> [PROBLEM DESCRIPTION] Starting at the line that contains "фото Tecneco AR10058PM", copy every line through the end of the records below exactly as written, leaving out pictures.

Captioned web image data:

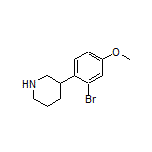 3-(2-Bromo-4-methoxyphenyl)piperidine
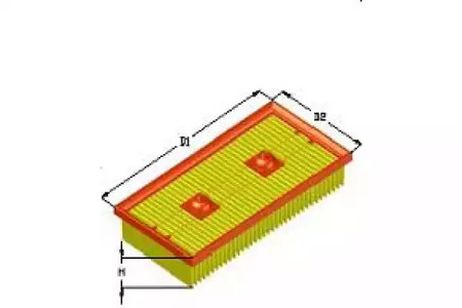 фото Tecneco AR10058PM Фильтр воздушный Tecneco AR10058PM Фильтр воздушный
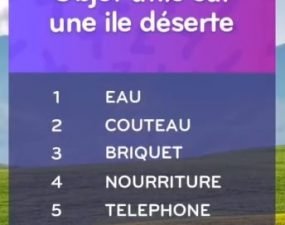 solution top 7 niveau 69 – objet utile sur une île déserte ?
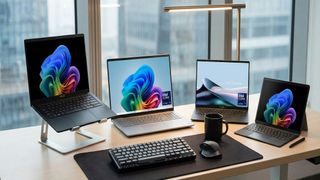 AI-Generated image of Dell and ASUS laptops visuallized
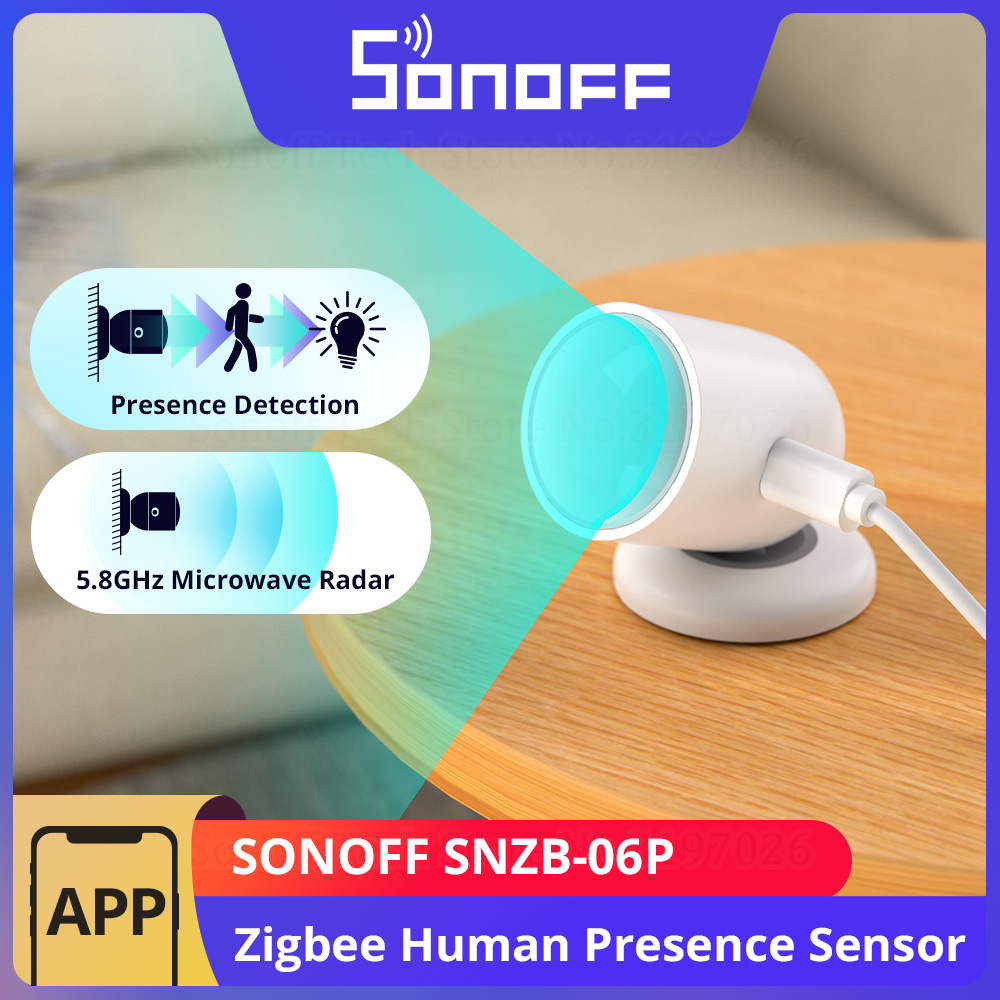 Smart Home Retrofit - SONOFF SNZB-06P Zigbee 인간 존재 센서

> [YOUR RESPONSE]
 фото Tecneco AR10058PM Фильтр воздушный Tecneco AR10058PM Фильтр воздушный
 solution top 7 niveau 69 – objet utile sur une île déserte ?
 AI-Generated image of Dell and ASUS laptops visuallized
 Smart Home Retrofit - SONOFF SNZB-06P Zigbee 인간 존재 센서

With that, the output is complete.